MONTREAT. Yes. I have an audition as soon as I get home.
DAWN. Sounds like the same old shit.
MONTREAT. Pretty much.
DAWN. I don’t see why they bother to write it down. What’s this one called?
MONTREAT. Hit Me with Your Hard Hat. It has a really neat scene in the kitchen while they’re making slaw.
(Blackout.
DAWN STEVENS lies down on the blanket between GRIP and BEST BOYD.
Enter JOE LUBE COOL, in jeans, a leather jacket, leather trappings, boots, and a leather cap pulled down over the eyes, throwing the face into shadow.
JOE LUBE COOL faces away from the audience.
MONTREAT kneels in front of JOE.)
MONTREAT. Do you think this is right?
VOICEOVER. He doesn’t think about it.
MONTREAT. That we treat each other like this I mean.

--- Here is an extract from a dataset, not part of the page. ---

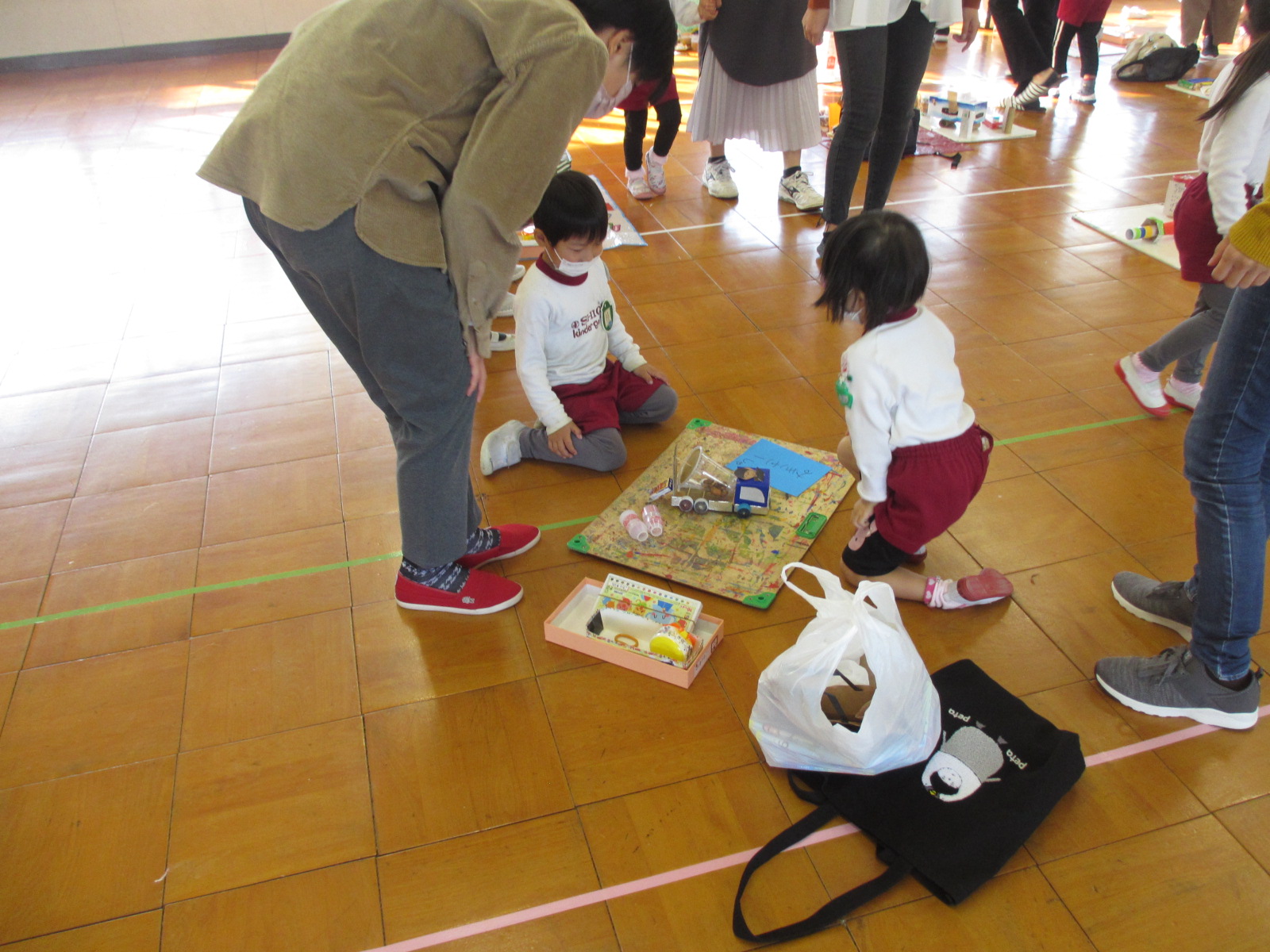 最後にみんなで鑑賞会をしました。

VOICEOVER. He doesn’t think about anything. He just stands there.
MONTREAT. You know what I mean. We’re supposed to be making a movie.

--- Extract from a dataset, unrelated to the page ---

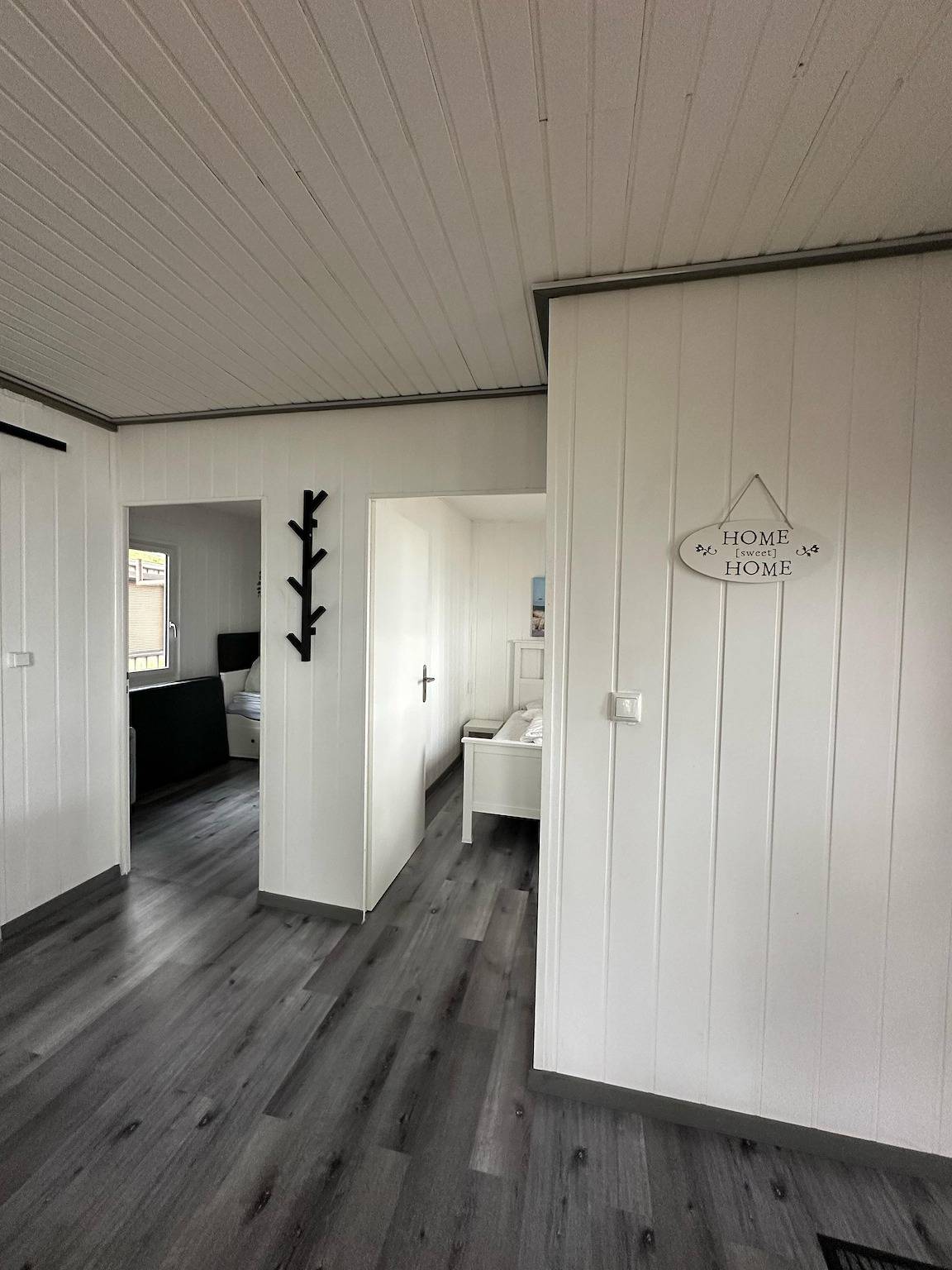 Surf-bungalow aan het water met zeezicht, privéterras en wifi, foto 12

VOICEOVER. He looks off in the distance. He has a fantastic body. He has perfect vision. He can see the leaves of the palms far away. He can see the shadows of the leaves on the sand. He cannot see the man at his feet.
(MONTREAT wraps himself around JOE’s feet.)

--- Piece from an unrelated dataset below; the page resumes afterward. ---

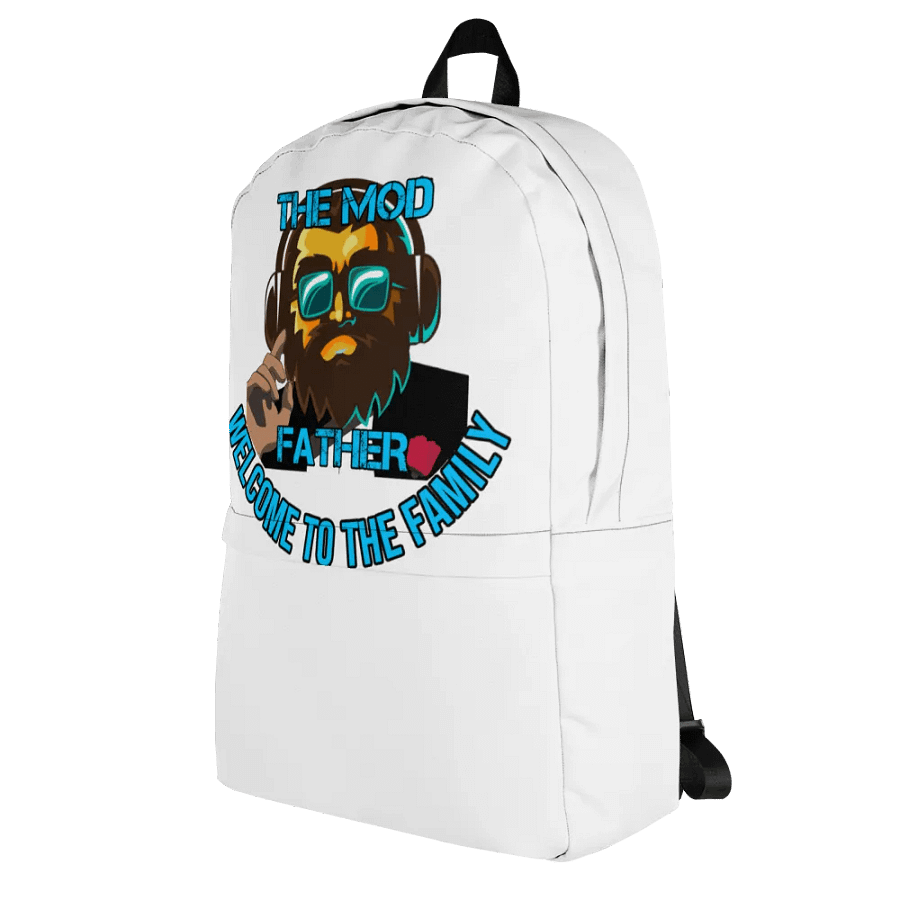 welcome to the family backpack product image (3)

MONTREAT. I think we should just talk. We have a lot to say. We have a lot to share with each other. I want to get to know you as a person. I want to experience you. I want to touch your life in a very special way, unlike anything that any lover has ever given you before. I think we should go away for the weekend. Really get away. Spend some time alone. Share some real solitude. Together. We should talk about it.
(Blackout.
Lights rise slowly.
JOE has turned to face the audience.
His face is still shadowed by the brim of the leather cap.
MONTREAT is behind him.
MONTREAT embraces JOE, running hands beneath the leather jacket, along JOE’s torso.)
MONTREAT. Are we rehearsing? (Pause; no answer.) What time is it? Tuesday? (Pause; no answer.) I love touching you like this. It reminds me of so much. So many other times. Is that right? Is that what I’m supposed to say?
(MONTREAT steps away from JOE LUBE COOL, turns, and walks across GRIP, BEST BOYD, and DAWN; exit MONTREAT.
While the VOICEOVER speaks, JOE remains in light onstage, leather jacket over shoulder, torso bare.)
VOICEOVER. He pictured them fucking. In his brain they were all naked and fucking wildly. The men and the women were coming again and again. They were screaming at the tops of their lungs. The women were totally destroyed by pleasure. The men were having fantastic orgasms that lasted almost an hour. There was a heap of them on the blanket and asses were flying. He wondered what would happen if he described something like that out loud. If he suggested something like that. Even though he was a porn star, people would be shocked. People thought that was just for the movies. People thought he was just making that up. But he really wanted to fuck like that. Fantastically. Without ever stopping.
(Exit JOE.
Lights rise on DAWN STEVENS and BLUE DONNA MORGAN.
They are having a story conference.
Everyone else is offstage.)
BLUE DONNA. All the footage with Montreat sucks so far.
DAWN. I have to agree.
BLUE DONNA. That stuff about the Bible. Jesus, where was that coming from? I mean, I know I told him to improvise but that stuff just stinks.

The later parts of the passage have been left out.